• _The input_:
- - -

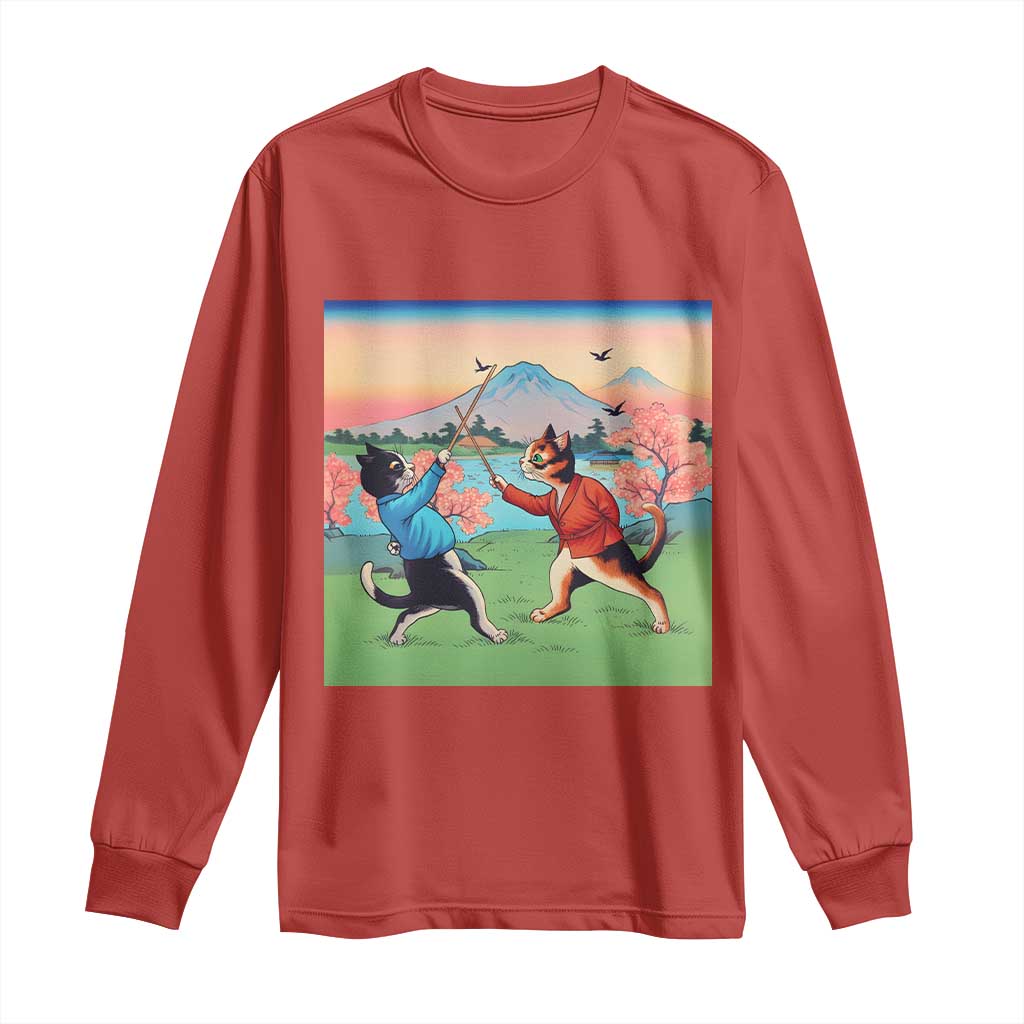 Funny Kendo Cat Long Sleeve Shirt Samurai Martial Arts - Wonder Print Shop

- - -

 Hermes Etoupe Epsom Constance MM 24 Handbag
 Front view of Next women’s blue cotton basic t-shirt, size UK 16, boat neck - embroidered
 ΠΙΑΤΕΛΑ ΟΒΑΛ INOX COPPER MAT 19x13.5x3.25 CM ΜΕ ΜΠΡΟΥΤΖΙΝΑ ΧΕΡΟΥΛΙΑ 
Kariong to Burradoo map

- - -

• _Assignment_: For this exercise, repeat exactly the lines of the data above from the one with "Front view of" down to the one with "Kariong to Burradoo map", both end lines included.

• _Reply_:
 Front view of Next women’s blue cotton basic t-shirt, size UK 16, boat neck - embroidered
 ΠΙΑΤΕΛΑ ΟΒΑΛ INOX COPPER MAT 19x13.5x3.25 CM ΜΕ ΜΠΡΟΥΤΖΙΝΑ ΧΕΡΟΥΛΙΑ 
Kariong to Burradoo map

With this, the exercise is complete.